Tears streaming down her face, Janey didn’t have a clue how she made it home without running off the road. She crossed over the centerline several times, but she had the road to herself, thankfully, and she could only assume her angels were watching out for her. If they’d been watching out for her just as diligently when Reilly came to town, her heart wouldn’t be breaking now.
Swallowing a sob, she parked in her usual spot in the drive and told herself she wasn’t going to think about him. Not after the way he had hurt her. If he let something like virginity scare him away, then he wasn’t the man she thought he was and she didn’t need or want him in her life.

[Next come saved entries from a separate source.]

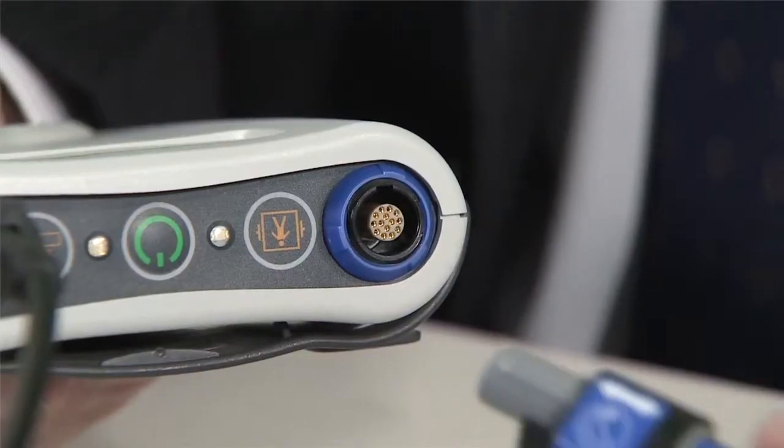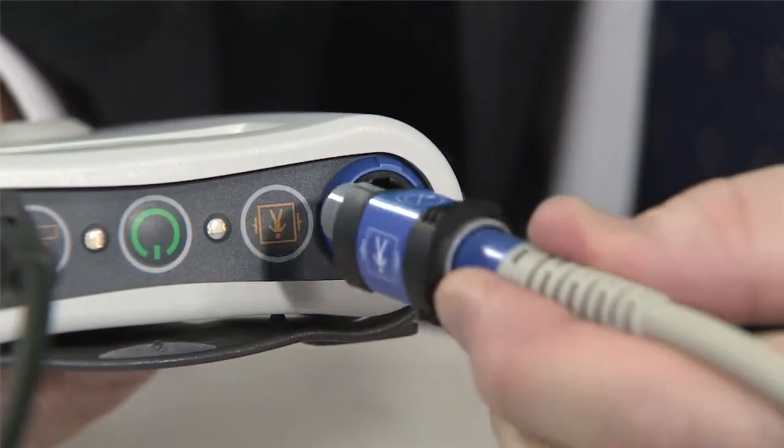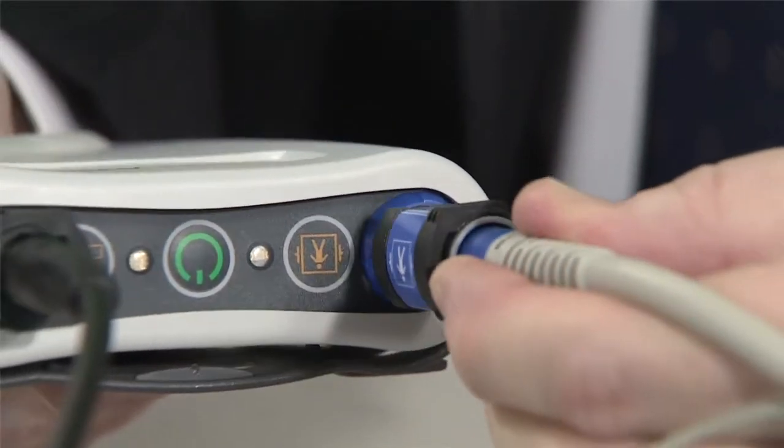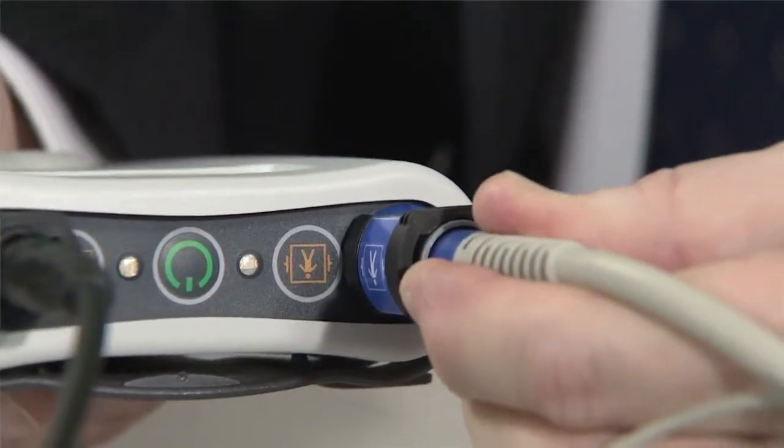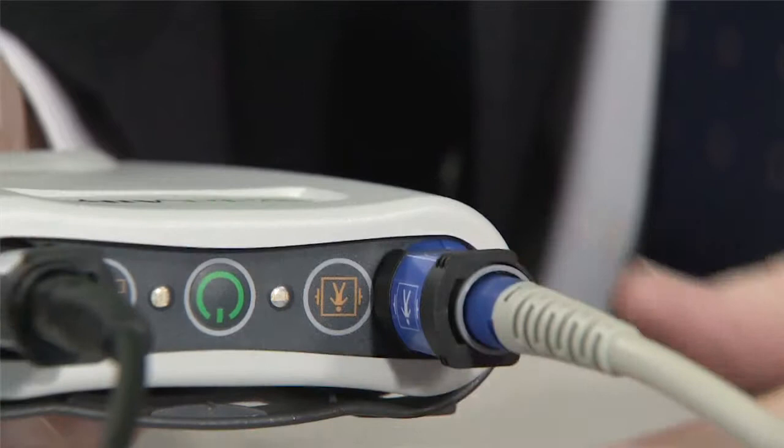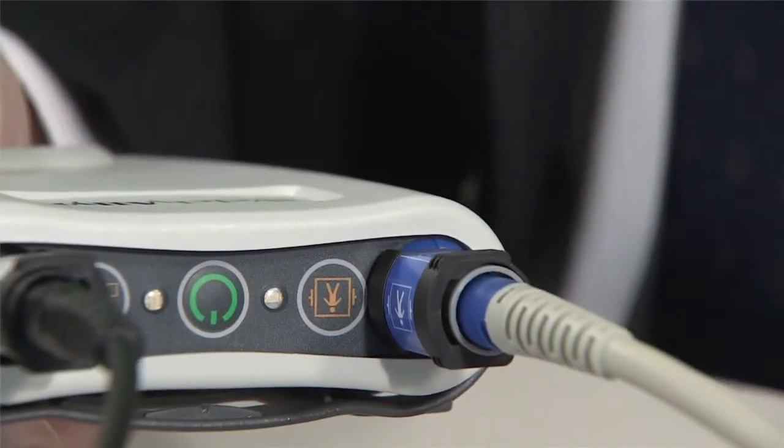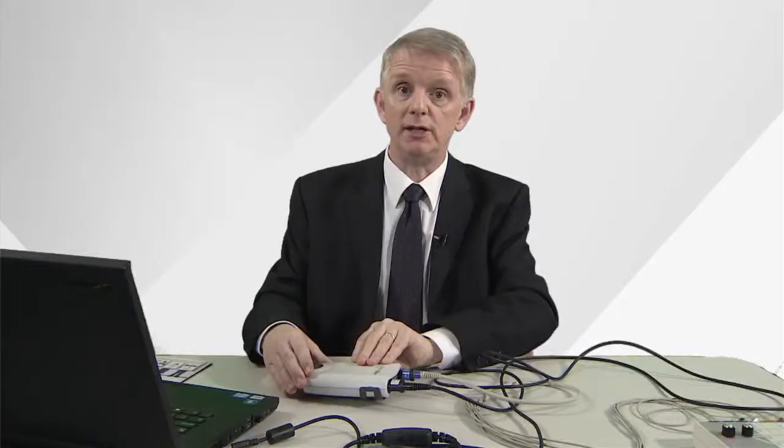The same is true of the patient cable. This time there's a white arrow on top of the cable and again the collar on the inside of the cable points inwards. Those cables won't fit to the ECG any other way.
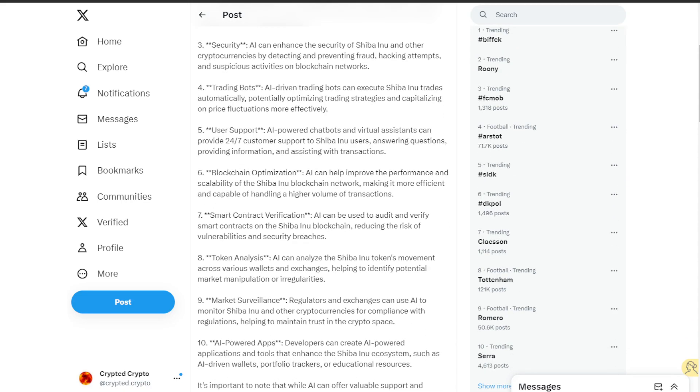The fifth is user support. AI powered chatbots and virtual assistants can provide 24-7 customer support to Shiba Inu users, answering questions, providing information, and assisting with transactions.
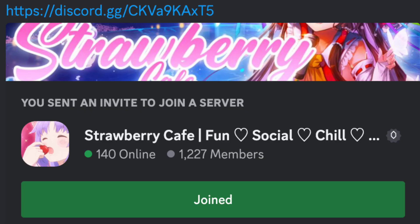Hi, before we start with the video, make sure to join the Discord server, Strawberry Cafe.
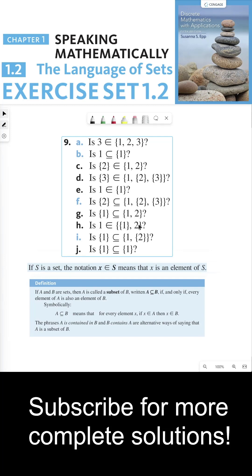For part H, is 1 an element of the set containing two objects — the set {1} and the number 2? Keep in mind that 1 is a number. This set has two objects: the set {1} and 2. Neither of those objects is the number 1, so 1 is not an element of this set. But is the set {1} a subset of the set containing {1} and {2}? The answer is yes, because the only element in {1}, which is 1, is also an element of that outer set.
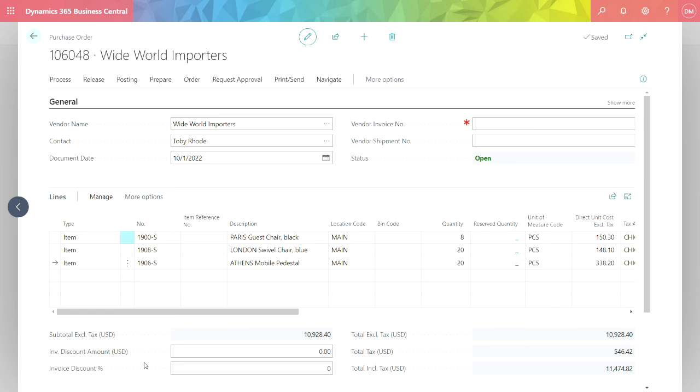I took the information from my Excel spreadsheet that I created using a template format from Business Central, populated with the data, and then copy and paste it from Excel into Business Central.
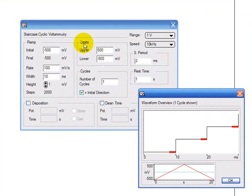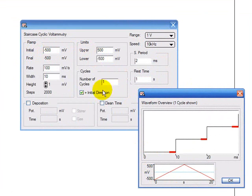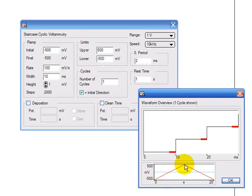You start with the limits, so the upper limits, lower limits and the initial voltage here. So the software is going to start at minus 500 millivolts, go up to plus 500 and then back down to minus 500.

That didn’t, however, make the hurt any less. Pain squeezing her heart, she wiped at the tears that welled in her eyes and was relieved to see that the house was dark except for the light her mother had left on in the foyer for her. She knew Sara and Dan would both want to know all about the festival and everyone’s reaction to her new look, but she didn’t think she could bear it if she had to face them tonight. Tomorrow would be soon enough for that.
How she made her way upstairs without waking her mother or Dan she never knew. What little control she had over her emotions seemed to vanish as she climbed the stairs, and try though she might, she couldn’t stop crying. By the time she reached her room, she was shaking with silent sobs, and with a muffled cry she threw herself on her bed and buried her face in her pillow. Within moments, it was soaked from her tears.
Later she couldn’t have said how long she cried. It seemed like forever. Eventually she cried herself to sleep, but the release didn’t help. An hour later she woke again. The second she remembered those moments in Reilly’s arms and his face when she’d told him she was a virgin, the tears were back, more painful than before.